About this task -
Transcribe all the entries word for word, but omit the images.

Source records -
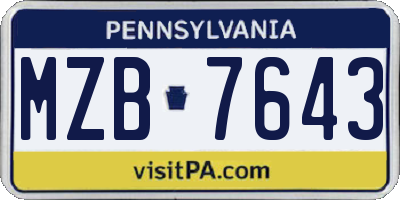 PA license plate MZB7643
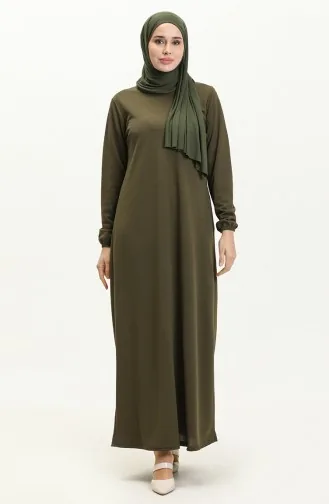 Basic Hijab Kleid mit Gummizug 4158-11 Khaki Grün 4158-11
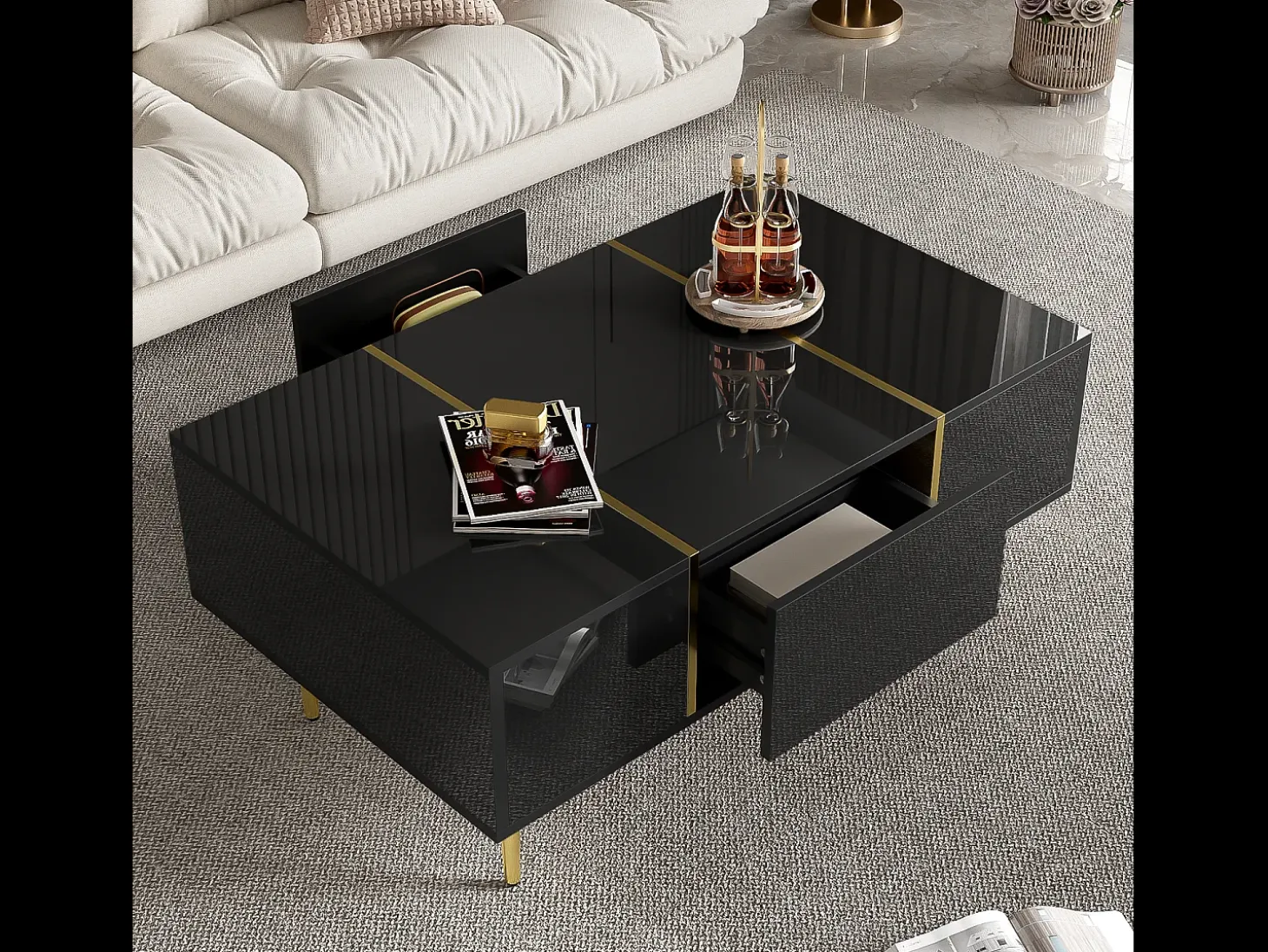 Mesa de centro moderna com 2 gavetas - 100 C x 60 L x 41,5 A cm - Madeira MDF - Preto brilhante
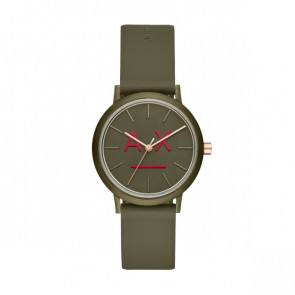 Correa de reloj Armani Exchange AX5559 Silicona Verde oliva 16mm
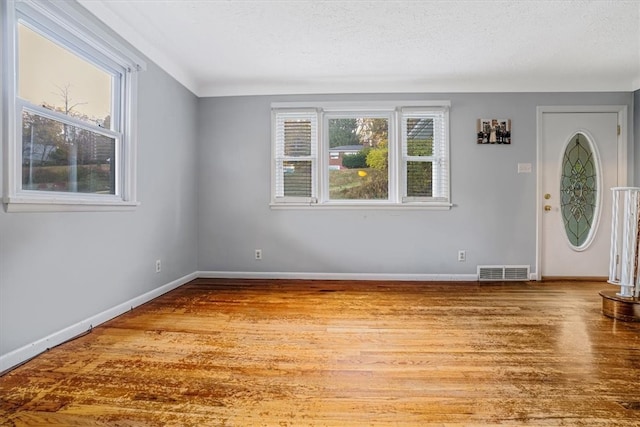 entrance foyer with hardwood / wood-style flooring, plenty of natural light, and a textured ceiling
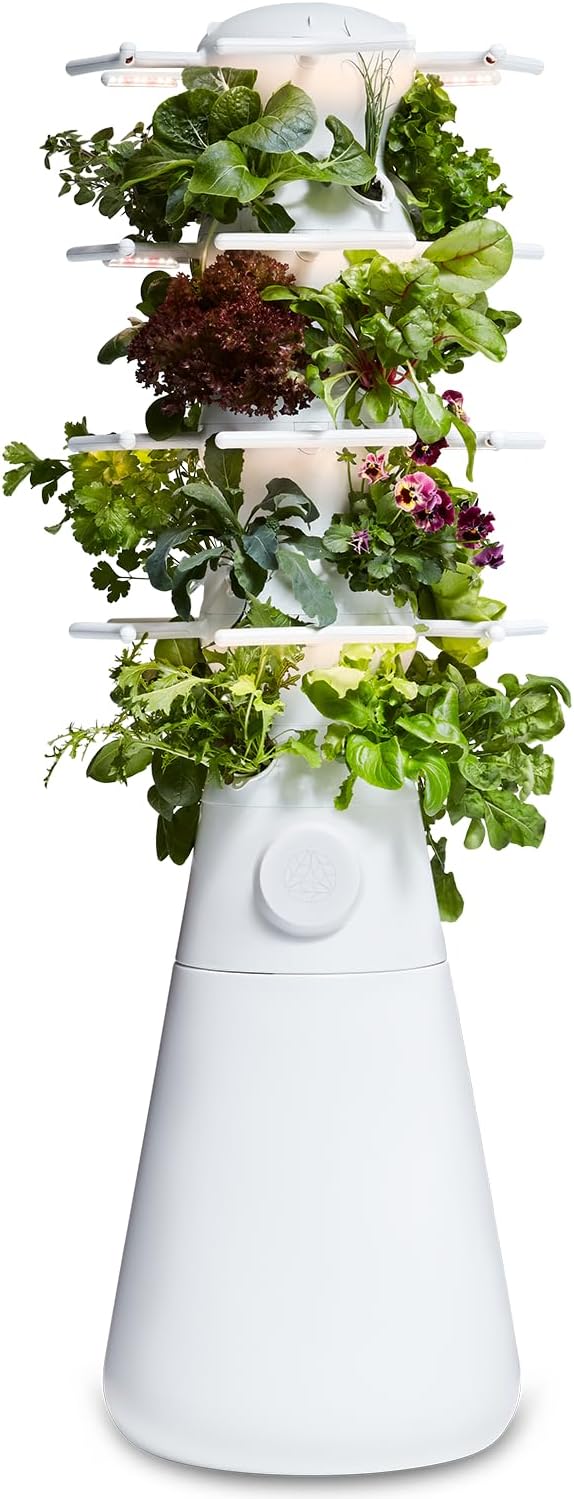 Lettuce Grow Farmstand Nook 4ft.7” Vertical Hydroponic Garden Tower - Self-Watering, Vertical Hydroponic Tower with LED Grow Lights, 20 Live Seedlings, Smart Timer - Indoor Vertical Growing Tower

Output below -
 PA license plate MZB7643
 Basic Hijab Kleid mit Gummizug 4158-11 Khaki Grün 4158-11
 Mesa de centro moderna com 2 gavetas - 100 C x 60 L x 41,5 A cm - Madeira MDF - Preto brilhante
 Correa de reloj Armani Exchange AX5559 Silicona Verde oliva 16mm
 entrance foyer with hardwood / wood-style flooring, plenty of natural light, and a textured ceiling
 Lettuce Grow Farmstand Nook 4ft.7” Vertical Hydroponic Garden Tower - Self-Watering, Vertical Hydroponic Tower with LED Grow Lights, 20 Live Seedlings, Smart Timer - Indoor Vertical Growing Tower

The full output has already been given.